25 Ağustos 2023 Cuma

USTALAR AKADEMİSİ

 Zanaatkarlarımız Anadolu’nun mayası olan bu topraklarda yerel tohumların içinde evrensel değerleri barındıran birer hazinedir. 

Kadim şehrimizin kadim ustalarına selam olsun. Türkiye’de ilk tek ve son ustaların bu topraklarda yaşadığını biliyor musunuz.? Ahilik geleneğinden gelen disiplinle yetişen ve usta çırak ilişkisi içinde gelişen, geçmişi geleceğe bağlayan köprünün adıdır usta. Unutulmaya yüz tutmuş geleneksel el sanatlarımızı kendi çabaları ile yaşatmaya çalışan şehrimizin tanıtımındaki vitrinde ustalığın mihenk taşını oluşturan eserleriyle bu şehre damgasını vuran bilgelerin sırlarını taşıyan ustalara selam olsun. 

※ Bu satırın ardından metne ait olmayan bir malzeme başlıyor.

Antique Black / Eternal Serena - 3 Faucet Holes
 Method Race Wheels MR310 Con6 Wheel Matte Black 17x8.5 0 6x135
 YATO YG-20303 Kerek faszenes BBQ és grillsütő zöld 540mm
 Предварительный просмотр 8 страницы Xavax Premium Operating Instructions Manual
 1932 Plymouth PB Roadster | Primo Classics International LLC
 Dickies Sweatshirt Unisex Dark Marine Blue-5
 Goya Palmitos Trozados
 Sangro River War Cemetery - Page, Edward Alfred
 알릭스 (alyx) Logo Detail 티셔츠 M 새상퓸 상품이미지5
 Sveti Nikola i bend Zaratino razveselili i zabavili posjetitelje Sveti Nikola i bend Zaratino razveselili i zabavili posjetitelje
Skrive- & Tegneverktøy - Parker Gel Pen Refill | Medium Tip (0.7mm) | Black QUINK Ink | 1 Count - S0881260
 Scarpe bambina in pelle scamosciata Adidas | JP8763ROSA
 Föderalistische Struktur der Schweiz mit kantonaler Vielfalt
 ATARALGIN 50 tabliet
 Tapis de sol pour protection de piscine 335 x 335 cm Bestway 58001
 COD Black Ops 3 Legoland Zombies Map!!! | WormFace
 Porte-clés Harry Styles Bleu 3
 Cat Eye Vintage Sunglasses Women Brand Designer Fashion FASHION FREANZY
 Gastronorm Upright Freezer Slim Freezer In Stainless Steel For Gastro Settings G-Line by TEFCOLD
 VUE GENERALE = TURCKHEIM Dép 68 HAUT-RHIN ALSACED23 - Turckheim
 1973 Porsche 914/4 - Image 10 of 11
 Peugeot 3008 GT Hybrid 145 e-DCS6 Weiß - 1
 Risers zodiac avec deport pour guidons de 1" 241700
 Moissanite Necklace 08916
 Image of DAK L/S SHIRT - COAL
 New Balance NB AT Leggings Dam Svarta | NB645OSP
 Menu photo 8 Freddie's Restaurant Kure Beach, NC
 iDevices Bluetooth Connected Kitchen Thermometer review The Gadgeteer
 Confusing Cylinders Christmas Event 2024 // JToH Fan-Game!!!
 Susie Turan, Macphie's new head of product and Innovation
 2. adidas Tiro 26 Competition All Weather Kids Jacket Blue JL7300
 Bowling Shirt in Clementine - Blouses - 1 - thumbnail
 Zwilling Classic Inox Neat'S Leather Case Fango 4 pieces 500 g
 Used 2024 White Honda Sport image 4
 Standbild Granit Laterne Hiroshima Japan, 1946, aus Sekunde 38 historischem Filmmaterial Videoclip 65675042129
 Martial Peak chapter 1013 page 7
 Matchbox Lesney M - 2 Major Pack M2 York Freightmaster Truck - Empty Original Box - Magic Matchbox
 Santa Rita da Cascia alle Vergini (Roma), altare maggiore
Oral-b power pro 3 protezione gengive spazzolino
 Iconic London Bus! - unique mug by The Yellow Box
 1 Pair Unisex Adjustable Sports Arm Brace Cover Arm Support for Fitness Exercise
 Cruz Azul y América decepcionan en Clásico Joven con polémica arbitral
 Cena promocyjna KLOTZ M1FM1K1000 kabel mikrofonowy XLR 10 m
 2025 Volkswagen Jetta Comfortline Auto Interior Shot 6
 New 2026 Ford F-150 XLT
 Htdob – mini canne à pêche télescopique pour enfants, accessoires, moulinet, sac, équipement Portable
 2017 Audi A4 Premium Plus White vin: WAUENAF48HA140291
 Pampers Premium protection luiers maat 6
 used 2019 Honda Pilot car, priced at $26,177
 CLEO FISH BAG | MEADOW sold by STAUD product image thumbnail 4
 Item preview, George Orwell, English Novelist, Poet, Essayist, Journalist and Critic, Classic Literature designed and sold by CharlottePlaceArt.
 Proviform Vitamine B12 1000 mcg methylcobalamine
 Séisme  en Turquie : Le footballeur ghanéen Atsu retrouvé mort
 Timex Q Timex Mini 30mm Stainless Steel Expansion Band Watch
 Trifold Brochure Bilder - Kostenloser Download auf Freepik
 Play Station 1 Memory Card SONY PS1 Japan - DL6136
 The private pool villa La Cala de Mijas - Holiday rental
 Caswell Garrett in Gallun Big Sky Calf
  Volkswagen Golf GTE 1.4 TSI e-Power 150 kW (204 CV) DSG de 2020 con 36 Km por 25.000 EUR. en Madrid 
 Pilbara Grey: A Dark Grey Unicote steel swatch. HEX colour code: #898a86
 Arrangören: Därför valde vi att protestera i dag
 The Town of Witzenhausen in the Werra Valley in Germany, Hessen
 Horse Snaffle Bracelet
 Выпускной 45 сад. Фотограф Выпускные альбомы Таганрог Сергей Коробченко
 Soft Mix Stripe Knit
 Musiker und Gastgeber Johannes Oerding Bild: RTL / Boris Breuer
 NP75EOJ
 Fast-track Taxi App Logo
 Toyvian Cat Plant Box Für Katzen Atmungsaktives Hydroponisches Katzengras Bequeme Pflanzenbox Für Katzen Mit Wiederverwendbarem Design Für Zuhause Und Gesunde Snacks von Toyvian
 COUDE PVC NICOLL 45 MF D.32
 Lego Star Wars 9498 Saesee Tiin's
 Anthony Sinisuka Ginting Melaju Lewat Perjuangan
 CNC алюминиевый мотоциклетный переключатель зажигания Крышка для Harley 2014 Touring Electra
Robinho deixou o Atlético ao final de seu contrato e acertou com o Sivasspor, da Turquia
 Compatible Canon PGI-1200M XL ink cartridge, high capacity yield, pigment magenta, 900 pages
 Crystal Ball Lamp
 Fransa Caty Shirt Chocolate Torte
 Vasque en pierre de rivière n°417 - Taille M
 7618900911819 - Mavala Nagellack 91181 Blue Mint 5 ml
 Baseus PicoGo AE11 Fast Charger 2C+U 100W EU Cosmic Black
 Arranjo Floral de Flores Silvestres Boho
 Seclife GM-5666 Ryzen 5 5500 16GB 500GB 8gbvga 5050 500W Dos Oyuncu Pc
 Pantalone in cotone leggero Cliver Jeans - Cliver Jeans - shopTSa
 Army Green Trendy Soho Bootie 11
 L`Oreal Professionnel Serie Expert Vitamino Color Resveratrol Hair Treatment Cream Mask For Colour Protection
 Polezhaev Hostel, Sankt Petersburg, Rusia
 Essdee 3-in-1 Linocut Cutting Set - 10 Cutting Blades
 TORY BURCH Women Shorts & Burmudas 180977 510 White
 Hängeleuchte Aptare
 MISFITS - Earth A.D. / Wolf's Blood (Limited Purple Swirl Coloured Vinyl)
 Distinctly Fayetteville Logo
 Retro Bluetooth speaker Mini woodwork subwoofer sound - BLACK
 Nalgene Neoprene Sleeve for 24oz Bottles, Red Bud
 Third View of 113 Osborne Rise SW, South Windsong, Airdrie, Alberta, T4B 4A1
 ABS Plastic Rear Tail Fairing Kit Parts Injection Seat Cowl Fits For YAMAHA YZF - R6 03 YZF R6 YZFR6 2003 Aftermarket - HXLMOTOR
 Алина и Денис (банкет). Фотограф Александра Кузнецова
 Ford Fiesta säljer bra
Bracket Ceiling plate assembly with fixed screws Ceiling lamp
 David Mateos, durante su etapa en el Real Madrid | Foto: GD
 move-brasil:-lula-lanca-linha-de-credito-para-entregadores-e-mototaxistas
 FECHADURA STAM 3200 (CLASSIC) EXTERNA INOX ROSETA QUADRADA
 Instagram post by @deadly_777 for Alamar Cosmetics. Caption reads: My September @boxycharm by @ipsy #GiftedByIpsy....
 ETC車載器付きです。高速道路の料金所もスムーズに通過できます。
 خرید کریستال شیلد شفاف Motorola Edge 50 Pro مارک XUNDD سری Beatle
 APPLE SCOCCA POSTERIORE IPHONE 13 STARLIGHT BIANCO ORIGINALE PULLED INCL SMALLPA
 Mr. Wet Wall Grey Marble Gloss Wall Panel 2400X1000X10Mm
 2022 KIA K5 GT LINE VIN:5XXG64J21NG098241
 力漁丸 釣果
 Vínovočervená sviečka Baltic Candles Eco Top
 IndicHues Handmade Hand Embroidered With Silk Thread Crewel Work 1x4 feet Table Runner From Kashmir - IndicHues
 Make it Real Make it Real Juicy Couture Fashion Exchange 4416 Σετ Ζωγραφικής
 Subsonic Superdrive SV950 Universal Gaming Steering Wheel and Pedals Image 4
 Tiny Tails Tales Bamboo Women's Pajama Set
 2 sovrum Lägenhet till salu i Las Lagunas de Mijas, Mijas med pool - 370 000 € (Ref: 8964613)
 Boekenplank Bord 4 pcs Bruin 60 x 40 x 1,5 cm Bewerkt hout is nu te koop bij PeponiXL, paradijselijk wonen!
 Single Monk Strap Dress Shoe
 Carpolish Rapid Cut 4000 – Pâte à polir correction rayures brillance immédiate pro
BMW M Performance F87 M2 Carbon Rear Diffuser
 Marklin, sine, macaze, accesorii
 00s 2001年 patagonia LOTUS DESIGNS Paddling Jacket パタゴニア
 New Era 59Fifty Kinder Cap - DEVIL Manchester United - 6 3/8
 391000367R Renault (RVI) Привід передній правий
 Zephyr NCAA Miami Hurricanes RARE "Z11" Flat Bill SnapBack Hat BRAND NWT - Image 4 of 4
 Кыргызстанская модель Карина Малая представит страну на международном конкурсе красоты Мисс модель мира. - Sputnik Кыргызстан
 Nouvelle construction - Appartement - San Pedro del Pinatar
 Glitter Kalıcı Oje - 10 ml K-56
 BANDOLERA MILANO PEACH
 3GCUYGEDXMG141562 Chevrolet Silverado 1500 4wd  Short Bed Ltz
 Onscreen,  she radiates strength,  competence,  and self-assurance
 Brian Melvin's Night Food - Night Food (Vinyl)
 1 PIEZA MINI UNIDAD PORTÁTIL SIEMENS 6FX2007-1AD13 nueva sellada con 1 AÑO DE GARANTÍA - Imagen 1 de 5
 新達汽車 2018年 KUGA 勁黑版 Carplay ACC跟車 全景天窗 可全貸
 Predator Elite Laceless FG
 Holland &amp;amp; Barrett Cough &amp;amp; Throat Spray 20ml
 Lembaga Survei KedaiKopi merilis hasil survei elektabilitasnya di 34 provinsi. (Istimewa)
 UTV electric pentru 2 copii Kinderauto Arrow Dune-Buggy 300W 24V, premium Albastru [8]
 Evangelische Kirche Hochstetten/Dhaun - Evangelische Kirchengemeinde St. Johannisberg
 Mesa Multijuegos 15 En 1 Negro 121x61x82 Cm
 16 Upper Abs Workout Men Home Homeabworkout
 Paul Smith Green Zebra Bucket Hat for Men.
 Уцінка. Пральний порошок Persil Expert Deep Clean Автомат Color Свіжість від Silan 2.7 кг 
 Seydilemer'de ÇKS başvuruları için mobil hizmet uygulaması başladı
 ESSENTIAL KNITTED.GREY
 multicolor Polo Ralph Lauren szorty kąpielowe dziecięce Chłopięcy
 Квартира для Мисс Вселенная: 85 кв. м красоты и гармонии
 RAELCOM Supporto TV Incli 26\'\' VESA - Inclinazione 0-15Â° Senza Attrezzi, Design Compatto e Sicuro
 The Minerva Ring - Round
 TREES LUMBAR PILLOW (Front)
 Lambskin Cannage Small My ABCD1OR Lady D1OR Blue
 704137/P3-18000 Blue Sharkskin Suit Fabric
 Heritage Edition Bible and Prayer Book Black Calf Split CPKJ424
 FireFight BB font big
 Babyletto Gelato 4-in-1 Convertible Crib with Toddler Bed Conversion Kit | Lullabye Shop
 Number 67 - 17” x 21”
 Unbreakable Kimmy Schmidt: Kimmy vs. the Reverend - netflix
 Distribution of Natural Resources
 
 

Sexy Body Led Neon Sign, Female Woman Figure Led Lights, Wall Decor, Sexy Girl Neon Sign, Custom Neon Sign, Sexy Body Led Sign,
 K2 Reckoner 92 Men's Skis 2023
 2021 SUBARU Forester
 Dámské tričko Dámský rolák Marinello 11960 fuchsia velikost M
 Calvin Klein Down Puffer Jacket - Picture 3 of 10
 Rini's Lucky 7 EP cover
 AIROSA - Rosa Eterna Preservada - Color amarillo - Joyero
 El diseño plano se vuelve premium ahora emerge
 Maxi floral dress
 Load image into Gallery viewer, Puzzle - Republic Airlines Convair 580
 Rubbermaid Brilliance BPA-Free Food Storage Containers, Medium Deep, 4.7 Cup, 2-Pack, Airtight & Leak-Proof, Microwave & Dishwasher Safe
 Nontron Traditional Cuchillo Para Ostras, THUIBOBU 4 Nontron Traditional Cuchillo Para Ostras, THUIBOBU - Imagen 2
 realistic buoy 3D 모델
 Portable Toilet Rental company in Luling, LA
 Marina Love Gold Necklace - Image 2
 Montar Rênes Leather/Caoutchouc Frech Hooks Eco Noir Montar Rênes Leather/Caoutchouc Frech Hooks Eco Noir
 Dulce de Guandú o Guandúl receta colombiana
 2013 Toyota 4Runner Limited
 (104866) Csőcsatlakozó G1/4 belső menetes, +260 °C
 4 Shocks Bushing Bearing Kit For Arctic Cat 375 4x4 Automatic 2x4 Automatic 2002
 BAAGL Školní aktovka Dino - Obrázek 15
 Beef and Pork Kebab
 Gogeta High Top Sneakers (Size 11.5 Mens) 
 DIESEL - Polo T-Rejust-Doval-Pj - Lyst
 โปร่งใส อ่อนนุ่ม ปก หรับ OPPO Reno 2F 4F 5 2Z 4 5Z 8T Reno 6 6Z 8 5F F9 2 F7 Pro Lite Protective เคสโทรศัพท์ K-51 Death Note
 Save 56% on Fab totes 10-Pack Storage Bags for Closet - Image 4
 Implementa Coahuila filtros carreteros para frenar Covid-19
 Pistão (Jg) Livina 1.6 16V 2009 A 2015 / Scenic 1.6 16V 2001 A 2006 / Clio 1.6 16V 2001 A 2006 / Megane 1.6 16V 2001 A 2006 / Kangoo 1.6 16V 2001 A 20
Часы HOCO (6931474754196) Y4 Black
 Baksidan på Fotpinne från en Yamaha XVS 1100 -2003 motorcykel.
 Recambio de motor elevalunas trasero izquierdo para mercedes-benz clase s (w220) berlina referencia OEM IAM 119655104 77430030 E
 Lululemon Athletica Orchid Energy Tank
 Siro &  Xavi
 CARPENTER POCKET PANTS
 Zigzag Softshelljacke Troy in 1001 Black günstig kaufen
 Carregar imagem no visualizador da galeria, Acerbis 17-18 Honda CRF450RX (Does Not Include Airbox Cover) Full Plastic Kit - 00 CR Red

Bir zamanlar bir çok zanaatın baş şehri olan bu şehir bu günlerde ilk tek ve son ustaları ile ayakta kalma mücadelesi verirken, GOP Üniversitesi iş birliği ile ölmek üzere olan zanaatlarımızı yeniden canlandırmak ve yeni nesle aktarmak amacıyla çıktığımız bu yolculukta otantik değerlerimizi koruyarak yine yeni yeniden üretim sahalarını atölyelerde geliştirerek yerel halkın da içinde bulunduğu bir çalışmanın temelini sağ duyulu yöneticilerimizin önderliğinde yapabiliriz. 

Yağ var un var şeker var ne duruyoruz helva yapalım. 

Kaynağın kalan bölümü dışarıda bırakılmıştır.